SINGAPORE: Japanese rubber futures jumped more than 1 percent on Tuesday after a two-session slide, as a weaker yen and higher oil prices underpinned the market.
The Osaka Exchange (OSE) rubber contract for June delivery closed 5.2 yen, or 1.5 percent, higher at 352.8 yen (USD2.22) per kg.
The rubber contract on the Shanghai Futures Exchange (SHFE) for May delivery was unchanged at 15,975 yuan (USD2,289.90) per metric ton.
The most-active February butadiene rubber contract on the SHFE gained 25 yuan, or 0.21 percent, to 12,000 yuan per ton.

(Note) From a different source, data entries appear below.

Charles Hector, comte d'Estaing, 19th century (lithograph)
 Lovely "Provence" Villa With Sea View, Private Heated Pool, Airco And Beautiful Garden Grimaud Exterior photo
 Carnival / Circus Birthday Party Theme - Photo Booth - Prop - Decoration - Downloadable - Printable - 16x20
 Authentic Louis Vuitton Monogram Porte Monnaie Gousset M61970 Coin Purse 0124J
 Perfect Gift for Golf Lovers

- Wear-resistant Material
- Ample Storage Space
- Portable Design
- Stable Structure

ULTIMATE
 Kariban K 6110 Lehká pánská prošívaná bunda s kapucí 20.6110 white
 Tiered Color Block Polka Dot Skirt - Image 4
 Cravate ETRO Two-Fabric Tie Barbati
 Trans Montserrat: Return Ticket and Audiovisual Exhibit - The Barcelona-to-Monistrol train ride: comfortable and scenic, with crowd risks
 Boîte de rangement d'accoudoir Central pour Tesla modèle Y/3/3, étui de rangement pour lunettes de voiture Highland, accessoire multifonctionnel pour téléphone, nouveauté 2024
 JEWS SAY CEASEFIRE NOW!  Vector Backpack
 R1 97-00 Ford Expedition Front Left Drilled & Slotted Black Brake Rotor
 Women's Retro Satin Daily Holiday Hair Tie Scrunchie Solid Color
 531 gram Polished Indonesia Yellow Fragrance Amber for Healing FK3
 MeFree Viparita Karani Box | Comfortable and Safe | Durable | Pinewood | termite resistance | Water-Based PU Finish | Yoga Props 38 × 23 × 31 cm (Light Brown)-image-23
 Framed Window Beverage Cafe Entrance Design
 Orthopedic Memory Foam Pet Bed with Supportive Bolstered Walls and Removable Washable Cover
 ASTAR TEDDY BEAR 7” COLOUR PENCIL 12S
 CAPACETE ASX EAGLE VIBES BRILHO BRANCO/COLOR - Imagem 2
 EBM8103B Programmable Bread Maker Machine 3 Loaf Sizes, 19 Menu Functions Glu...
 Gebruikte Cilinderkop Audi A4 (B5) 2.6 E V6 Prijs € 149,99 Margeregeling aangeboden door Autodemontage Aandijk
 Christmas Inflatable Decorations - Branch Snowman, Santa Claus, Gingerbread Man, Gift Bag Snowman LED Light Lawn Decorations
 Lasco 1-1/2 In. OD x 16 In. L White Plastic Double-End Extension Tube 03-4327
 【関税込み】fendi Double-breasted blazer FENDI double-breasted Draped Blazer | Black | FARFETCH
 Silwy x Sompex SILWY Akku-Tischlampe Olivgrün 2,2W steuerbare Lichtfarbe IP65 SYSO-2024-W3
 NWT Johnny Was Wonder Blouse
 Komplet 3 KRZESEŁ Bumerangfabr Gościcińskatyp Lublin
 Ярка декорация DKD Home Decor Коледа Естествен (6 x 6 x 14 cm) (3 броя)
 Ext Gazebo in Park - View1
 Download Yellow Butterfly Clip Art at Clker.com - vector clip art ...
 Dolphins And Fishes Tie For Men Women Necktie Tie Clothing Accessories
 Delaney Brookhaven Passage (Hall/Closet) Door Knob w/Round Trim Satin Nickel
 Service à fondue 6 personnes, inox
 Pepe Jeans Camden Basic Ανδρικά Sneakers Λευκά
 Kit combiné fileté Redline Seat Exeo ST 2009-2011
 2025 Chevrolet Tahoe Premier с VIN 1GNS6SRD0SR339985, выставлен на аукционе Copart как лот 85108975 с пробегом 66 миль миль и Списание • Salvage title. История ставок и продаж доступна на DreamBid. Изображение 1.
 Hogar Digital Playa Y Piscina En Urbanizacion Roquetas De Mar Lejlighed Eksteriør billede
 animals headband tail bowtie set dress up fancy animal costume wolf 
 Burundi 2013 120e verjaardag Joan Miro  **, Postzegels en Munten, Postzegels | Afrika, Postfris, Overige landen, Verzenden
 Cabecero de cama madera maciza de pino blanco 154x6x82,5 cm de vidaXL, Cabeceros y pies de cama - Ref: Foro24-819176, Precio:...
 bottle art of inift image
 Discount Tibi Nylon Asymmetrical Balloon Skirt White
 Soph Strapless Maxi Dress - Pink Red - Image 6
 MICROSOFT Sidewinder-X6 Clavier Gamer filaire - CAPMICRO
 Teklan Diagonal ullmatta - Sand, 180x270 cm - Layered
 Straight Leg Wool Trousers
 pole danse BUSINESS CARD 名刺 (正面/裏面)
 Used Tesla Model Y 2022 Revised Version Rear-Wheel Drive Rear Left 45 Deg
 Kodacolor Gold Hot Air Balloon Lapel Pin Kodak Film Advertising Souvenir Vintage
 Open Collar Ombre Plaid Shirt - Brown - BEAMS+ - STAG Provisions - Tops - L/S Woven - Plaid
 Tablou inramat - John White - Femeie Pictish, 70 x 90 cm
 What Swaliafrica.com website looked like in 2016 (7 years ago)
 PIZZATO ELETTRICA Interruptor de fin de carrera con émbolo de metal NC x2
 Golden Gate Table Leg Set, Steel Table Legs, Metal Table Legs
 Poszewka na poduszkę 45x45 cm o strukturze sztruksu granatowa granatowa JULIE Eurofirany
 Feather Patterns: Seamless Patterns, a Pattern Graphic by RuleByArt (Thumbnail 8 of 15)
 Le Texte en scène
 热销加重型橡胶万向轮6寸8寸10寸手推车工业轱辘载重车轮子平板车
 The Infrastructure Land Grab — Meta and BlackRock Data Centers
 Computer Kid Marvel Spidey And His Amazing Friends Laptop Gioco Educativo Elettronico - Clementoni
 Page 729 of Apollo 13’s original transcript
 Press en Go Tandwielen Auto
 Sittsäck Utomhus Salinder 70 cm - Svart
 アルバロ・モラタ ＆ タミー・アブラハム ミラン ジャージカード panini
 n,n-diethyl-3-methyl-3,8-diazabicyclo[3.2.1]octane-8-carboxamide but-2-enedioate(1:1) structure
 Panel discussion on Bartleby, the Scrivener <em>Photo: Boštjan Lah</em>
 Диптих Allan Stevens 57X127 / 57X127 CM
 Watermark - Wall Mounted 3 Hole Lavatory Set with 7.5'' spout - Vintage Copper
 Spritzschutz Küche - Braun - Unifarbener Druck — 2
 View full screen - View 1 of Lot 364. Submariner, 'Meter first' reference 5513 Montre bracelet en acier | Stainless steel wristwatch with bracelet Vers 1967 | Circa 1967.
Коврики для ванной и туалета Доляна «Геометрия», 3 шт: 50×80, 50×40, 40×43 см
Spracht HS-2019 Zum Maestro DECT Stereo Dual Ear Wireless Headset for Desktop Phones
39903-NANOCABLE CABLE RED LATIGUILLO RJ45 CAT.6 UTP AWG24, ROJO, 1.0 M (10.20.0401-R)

The yen weakened to a 1-1/2-year low of 158.925 against the greenback.
A weaker Japanese currency makes yen-denominated assets more affordable to overseas buyers.
Japan’s Nikkei jumped 3.6 percent to an all-time high of 53,814.79.
Oil prices extended gains as heightened concerns surrounding Iran and potential supply disruptions outweighed the prospect of increased crude supply from Venezuela.
Natural rubber often takes direction from oil prices as it competes for market share with synthetic rubber, which is made from crude oil.
There was additional demand for natural rubber stemming from continued physical demand, arbitrage transactions and speculative buying, the Japan Exchange Group said in a report on Monday.